ISFA League, Co-National Champion
- Conference: Intercollegiate Soccer Football Association
- Record: 5–1–1 (5–0–0 ISFA)
- Head coach: William Jeffrey (1st season);
- Home stadium: New Beaver Field

= 1926 Penn State Nittany Lions men's soccer team =

Penn State Nittany Lions men's soccer 1926 season

The 1926 Penn State Nittany Lions men's soccer team represented Pennsylvania State University during the 1926 season playing in the Intercollegiate Soccer League. It was the program's 16th season fielding a men's varsity soccer team. The 1926 season is William Jeffrey's first year at the helm.

== Background ==

The 1926 season was the Nittany Lions' 16th season as a varsity soccer program, and their first season playing in the Intercollegiate Soccer Football Association League. The team was led by first year head coach, William Jeffrey, who had previously served as the head coach for the professional soccer team, Altoona Works.

William Jeffrey was hired after the departure of former head coach Ralph G. Leonard. The arrival of Jeffrey came on Monday, September 13, 1926.

At the beginning of the 1926 season the initial Intercollegiate Soccer League was dissolved.

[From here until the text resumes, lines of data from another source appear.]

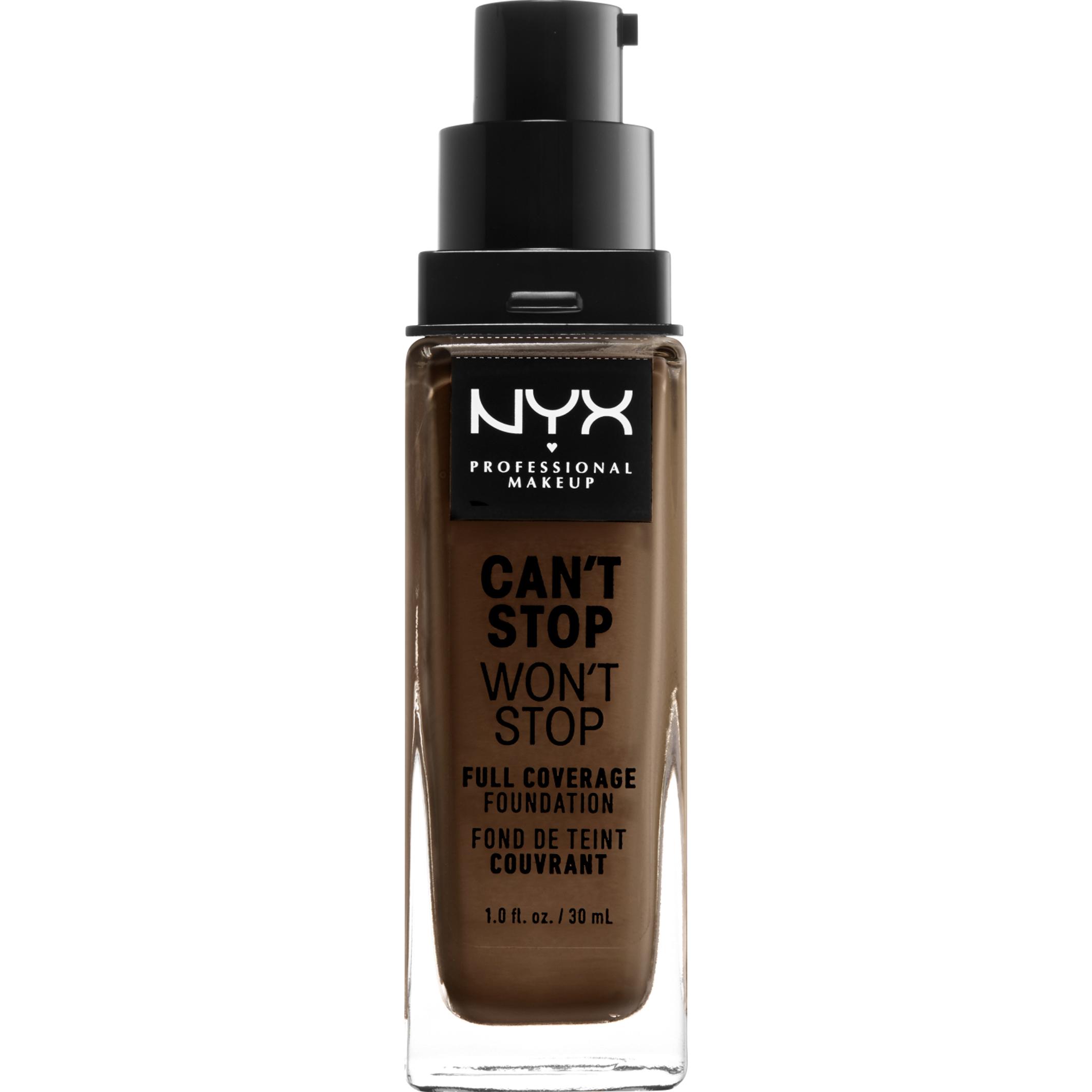 NYX Professional Make-Up, Foundation, Can't Stop Won't Stop (22 Deep cool)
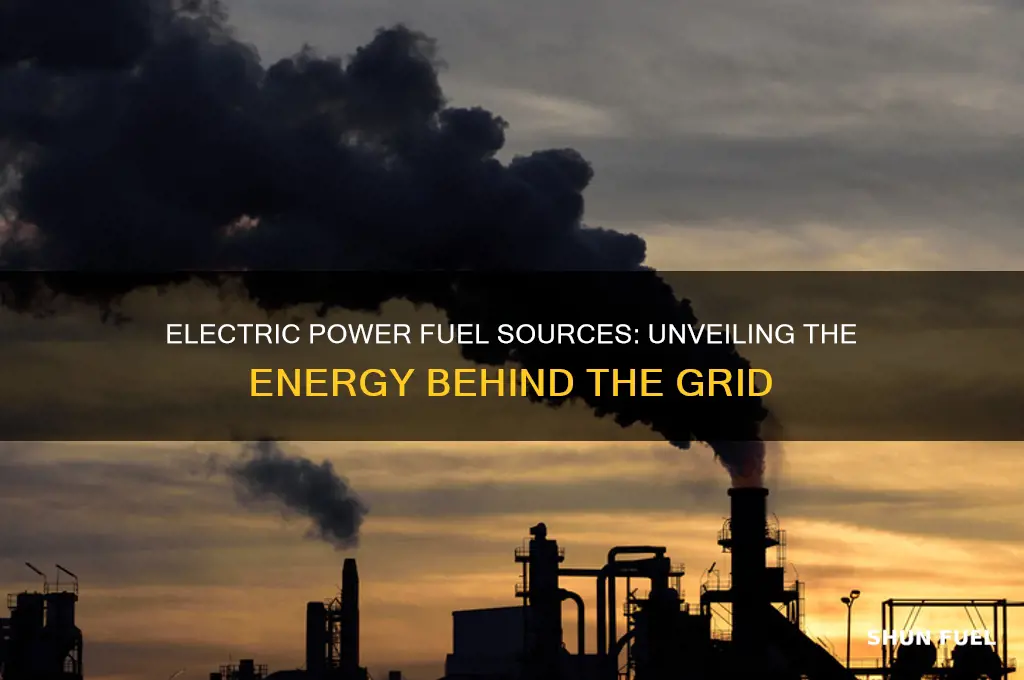 what fuel does electric power use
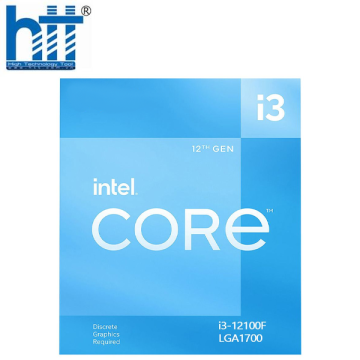 Intel Core i3 12100F / 3.3GHz Turbo 4.3GHz / 4 Nhân 8 Luồng / 12MB / LGA 1700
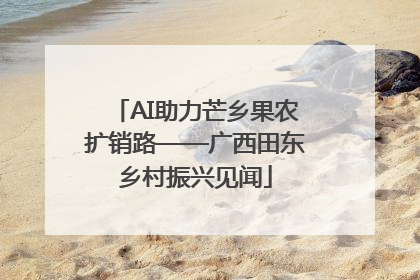 AI助力芒乡果农扩销路——广西田东乡村振兴见闻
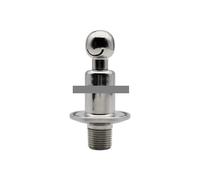 SS304 Stainless Steel CIP Cleaning Rotating Spray Ball 1.5" Tri Clamp x 1/2" NPT External Thread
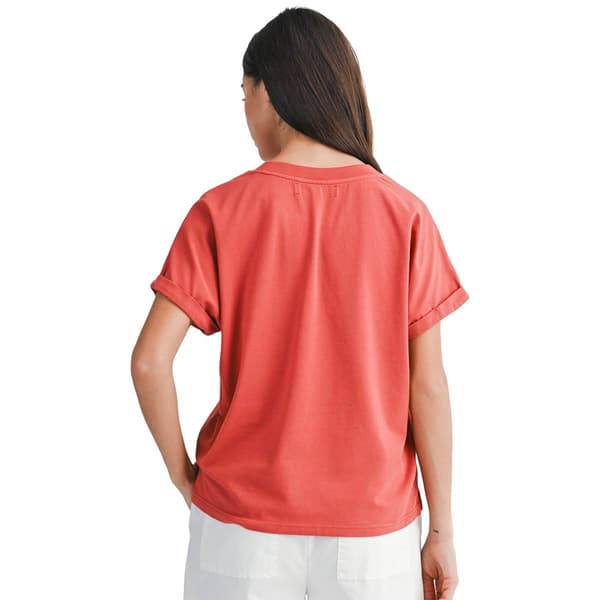Womens CITY BLUES Short Cuffed Sleeve Positano Graphic Tee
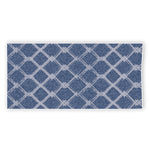 Geometric Denim Jeans Pattern Print Beach Towel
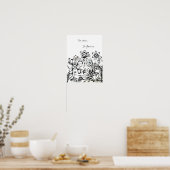 Poster Pas de pluie, Pas d'affiche de fleurs (Cuisine)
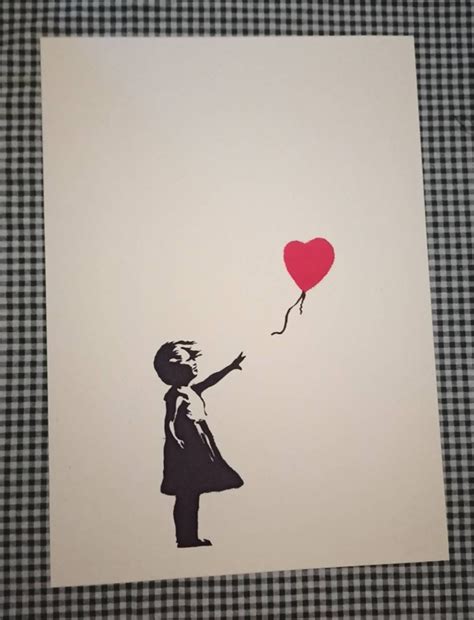 レア Banksy Girl With Red Balloon Wcp バンクシー シルクスクリーン 風船 ポスターシルクスクリーン｜売買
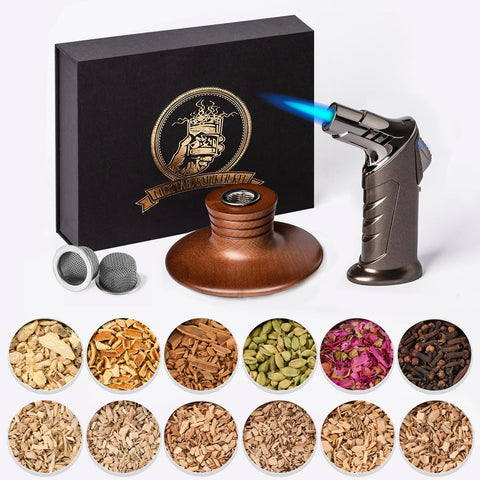 ComboJoy smoker kit packaging showing gift-ready box and benefits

Penn State, who had long to be admitted to the league was extended an invitation to be a part of the next version of the former league called the Intercollegiate Soccer Football Association. The ISFA was created as a broader organization and governing body that would be support a for collegiate soccer play across the country. Receiving an invitation to join the association alongside Penn State were Lehigh, Army, Lafayette, Navy, Colgate, Dartmouth, Williams, Amherst, Wesley and all six former members of the Intercollegiate Soccer League. Under the new rules of the association Penn State would be required to play four members of the organization during each season. Instead of a league title, national championships would be awarded by the association at the end of each season.

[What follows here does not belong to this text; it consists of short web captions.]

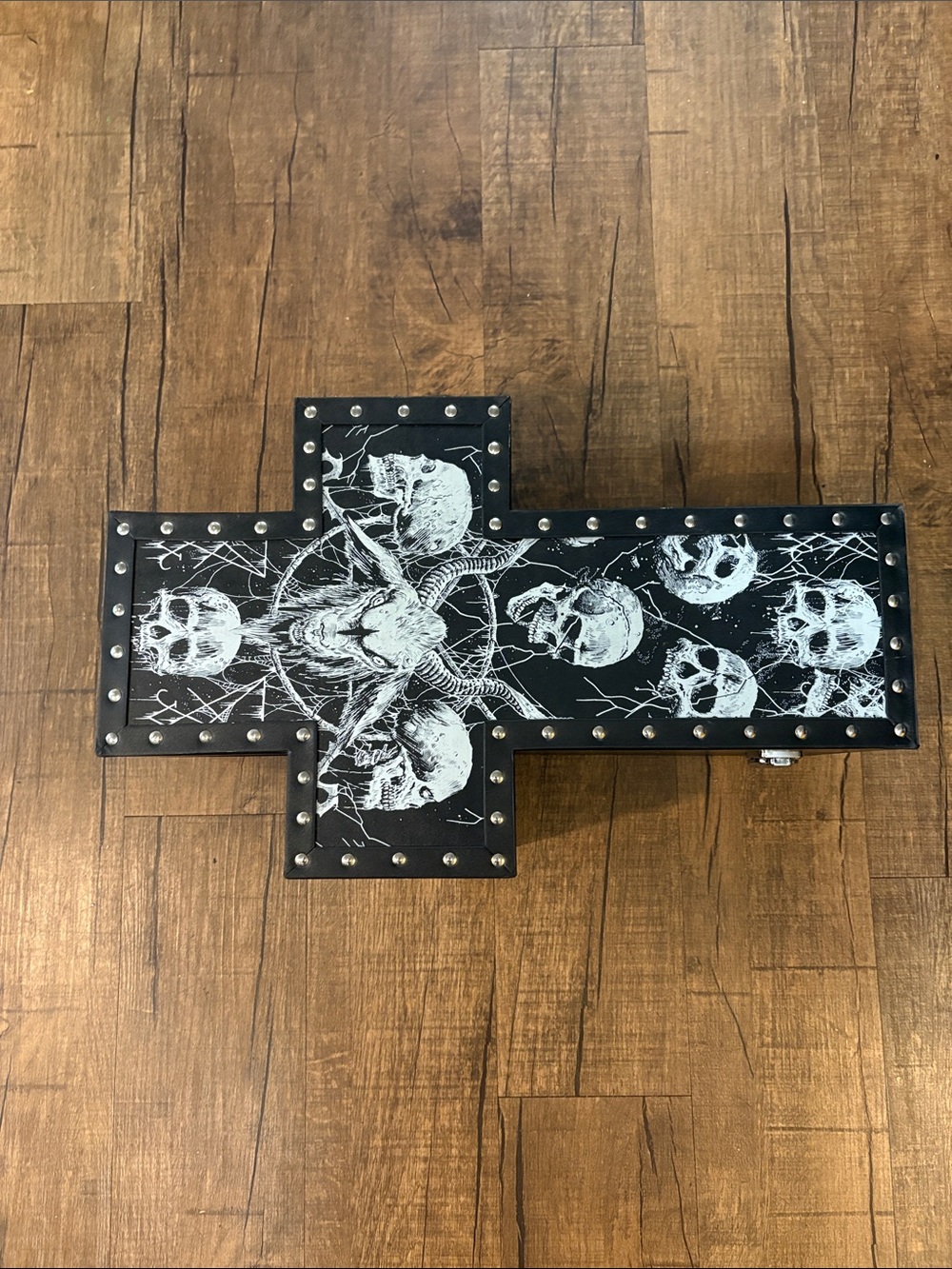 Gothic Skull Cross Bag/briefcase for makeup, hair, or accessories or a purse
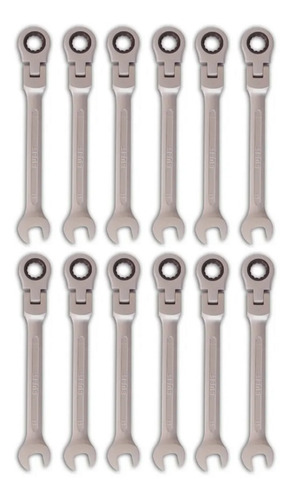 Imagen 1 de 4 de Set De Llaves Criquet Bulit Articuladas S800 - 8mm A 19mm
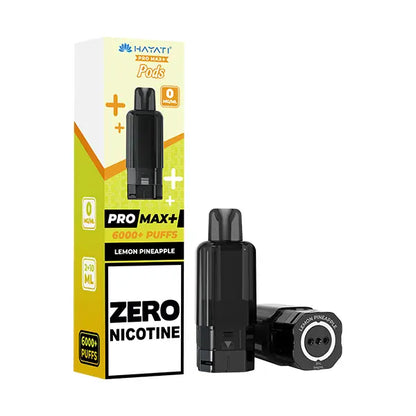 Hayati Pro Max 6000 + Prefilled Pod ZERO NICOTINE - Banana Ice - Flawless Vape Shop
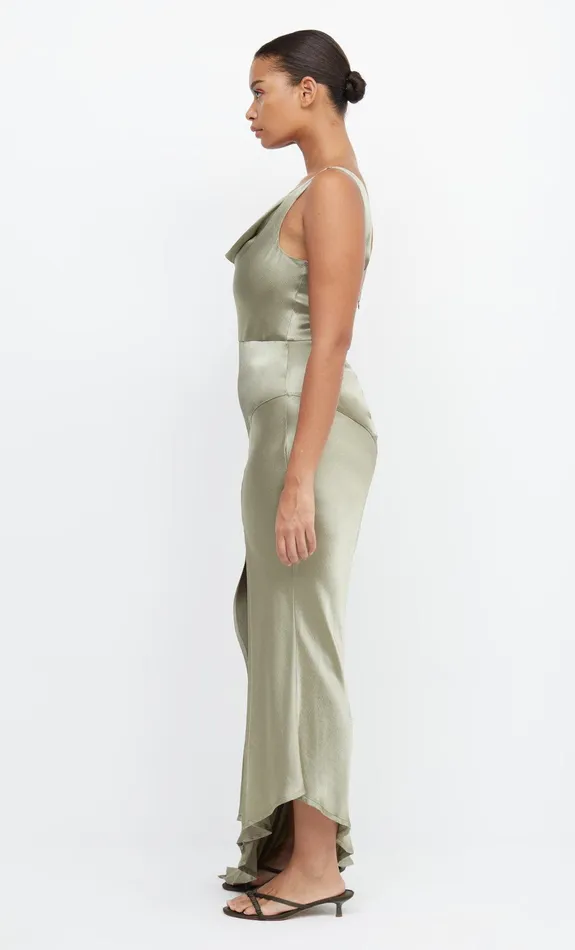 Bec Bridge Maxi Dresses MOON DANCE COWL DRESS Sage 8211 Women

In their first season in the new league the Nittany Lions were crowned Co-National Champions by the Intercollegiate Soccer Football Association along with Princeton and Haverford. The team was the only in the league to remain undefeated.

== Schedule ==

| Date Time, TV | Rank^{#} | Opponent^{#} | Result | Record | Site (Attendance) City, State |
Preseason
| October 16* 2:30 p.m. |  | Altoona Works | L 3–1 | 0–1–0 (0–0–0) | New Beaver Field State College, PA |
Regular season
| October 23* 10:00 a.m. |  | Syracuse | W 5–1 | 1–1–0 (1–0–0) | New Beaver Field State College, PA |
| October 30 |  | at Penn | W 1–0 | 2–1–0 (2–0–0) | River Field Philadelphia, PA |
| November 6* 2:30 p.m. |  | Toronto | T 2-2 | 2–1–1 (2–0–0) | New Beaver Field (500) State College, PA |
| November 13 10:00 a.m. |  | Navy | W 5-1 | 3–1–1 (3–0–0) | New Beaver Field State College, PA |
| November 20 1:00 p.m. |  | Springfield College | W 2-0 | 4–1–1 (4–0–0) | New Beaver Field State College, PA |
| November 29 |  | Swarthmore | W 4-0 | 5–1–1 (5–0–0) | New Beaver Field State College, PA |
*Non-conference game. ^{#}Rankings from United Soccer Coaches. (#) Tournament seedings in parentheses.